Por alguns instantes parecia que não daria certo. Depois que a espada de um banco desapareceu de cima de minha cabeça, resolvi tirar uma semana de folga. Como a semana de carnaval me daria um dia de folga e outro de ponto facultativo (acho engraçado esse fenômeno do “ponto facultativo”. Como agora me beneficio disso, não faço perguntas desnecessárias, como “por que simplesmente não chamar esse dia de folga?”) e eu tinha alguns dias a ver – é, não recebo hora extra – decidi botar uns trapos numa mochila e viajar. Tudo deveria começar às 6 da manhã do dia 17 de fevereiro.

Primeiro problema: os caixas eletrônicos do banco onde meu salário é depositado simplesmente se recusaram a trabalhar antes das 8 da manhã. Meus planos para conseguir um ônibus mais cedo foram pro vinagre. Segundo problema: chegando ao terminal Tietê, finalmente testemunhei o que sempre via na tevê. O caos do feriadão. Gente, muita gente. Malas, muitas malas. Ônibus lotados. Tive sorte em conseguir uma poltrona às 19 horas. Mas esse horário me ocasionou um terceiro problema: o que eu faria entre 10 horas da manhã e 19 horas? Ainda bem que sempre há o que fazer em Sampa.

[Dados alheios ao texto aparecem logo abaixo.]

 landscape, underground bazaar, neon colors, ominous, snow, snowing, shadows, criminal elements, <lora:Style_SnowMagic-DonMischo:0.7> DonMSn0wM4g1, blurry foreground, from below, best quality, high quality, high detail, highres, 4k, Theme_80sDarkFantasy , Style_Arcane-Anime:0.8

Sete da noite. Sentado na janela, depois de ver minha sacola de viagem ser acomodada, ruminava pensamentos banais quando senta-se ao meu lado um entusiasmado rapaz gaúcho, indo visitar seus parentes em Terra de Areia – RS. Ele me disse que estuda no INPE, estuda física aeronáutica, ou algo parecido e adora o que faz. De uma certa forma foi bom ouvi-lo tagarelar porque o trânsito estava... bem, ele não estava. A primeira parada em Registro – SP atrasou duas horas.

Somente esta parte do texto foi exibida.